Solar farms face $380,000 threat per megawatt from hail
Solar farms hit by hailstorms face losses of up to $380,000 per megawatt, according to a special report by Bermudian-based Axis Capital Holdings.
The report, “Solar vs. Hail: Pivoting Away From Danger”, shines a light on the growing risks that extreme weather, especially hail, poses to solar energy projects in the US, Canada and globally. Drawing on five years of claims data from Axis’s global renewables portfolio, the insurer said hail alone accounts for 55 per cent of all natural catastrophe claims related to solar photovoltaic systems in North America.

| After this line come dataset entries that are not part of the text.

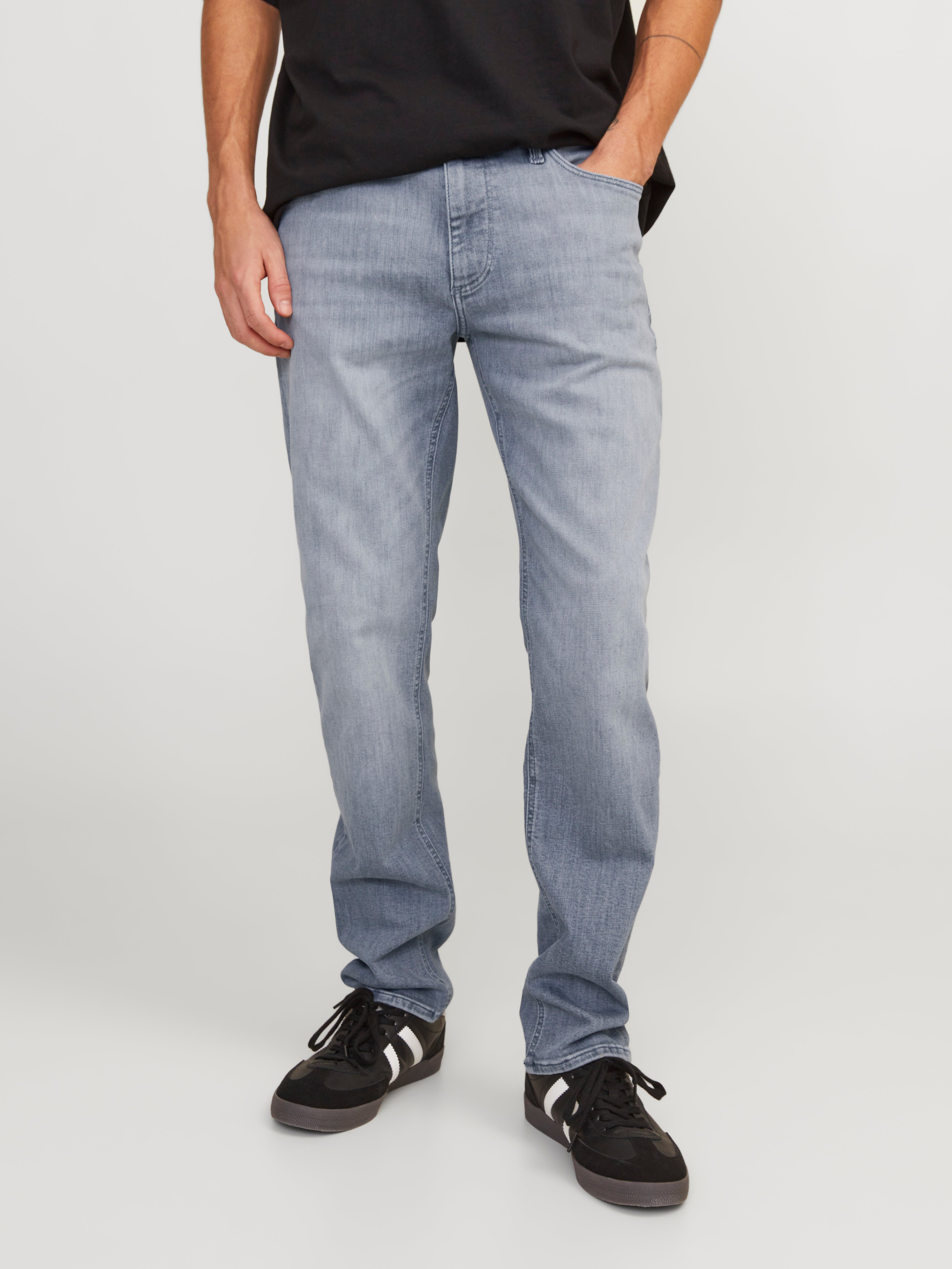Jack & Jones JJICLARK JJEVAN JOS 498 LID Regular fit jeans - 12253492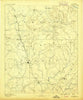 1888 Cullman, AL - Alabama - USGS Topographic Map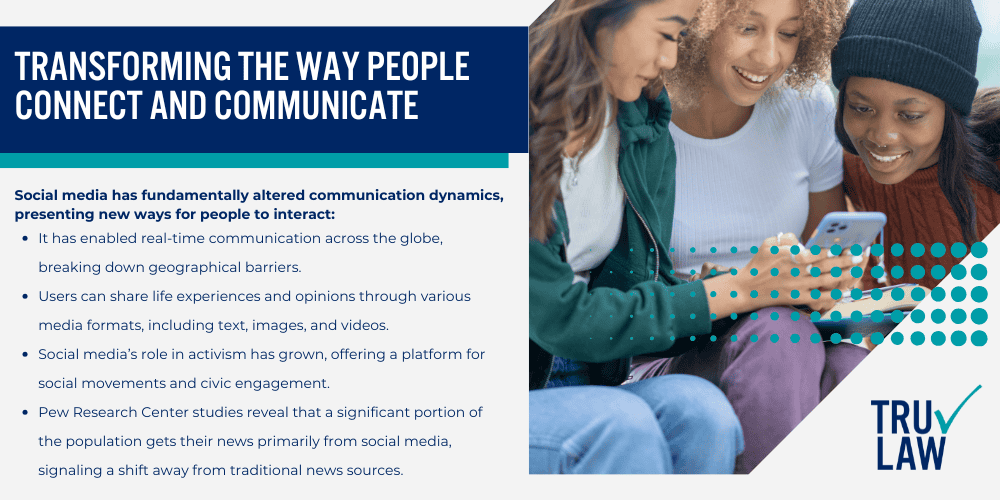 Transforming the Way People Connect and Communicate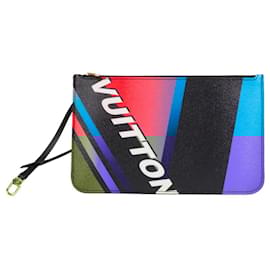 Louis Vuitton-LOUIS VUITTON Bolsas de mão T. Tecido-Multicor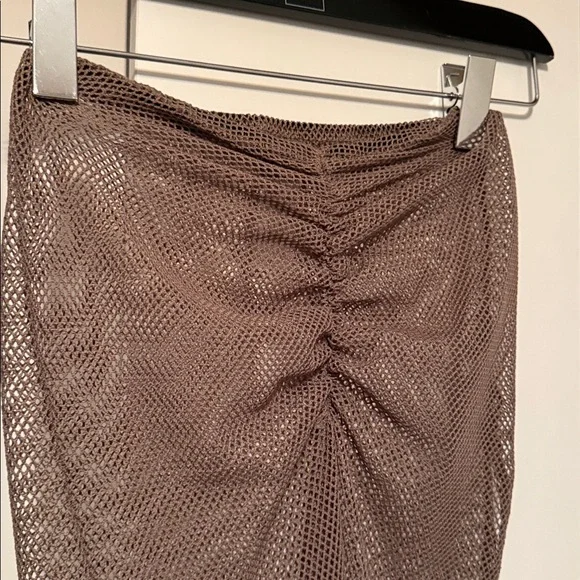Mesh bathing suit skirt cover up - Picture 4 of 4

"Severe hail can jeopardise solar project performance, long-term project viability and insurability in severe convective storm exposed regions," said Greg Beardsworth, senior director of product marketing at Nextracker, the solar tech firm which was a partner in the report.
Claims data showed that PV modules with heat-strengthened glass averaged $50,000 more per megawatt in losses than those with fully tempered glass. Tracker systems that failed to fold panels into protective positions saw the worst damage, averaging $380,000 per MW in claims. Properly deployed systems limited losses to $150,000 per MW.
Between 2019 and 2024, the total gross claim amount for solar PV hail was $340 million, according to Axis.
Richard Carroll, global head of energy at Axis, said the goal was to help the industry “advance understanding around solar technology and resilience”, adding that innovation in tracking systems and forecast-based stow responses are now critical.
The report also found that hail-related damage leads to longer downtime than other events, with an average of 240 days offline, nearly double that of mechanical or electrical failures.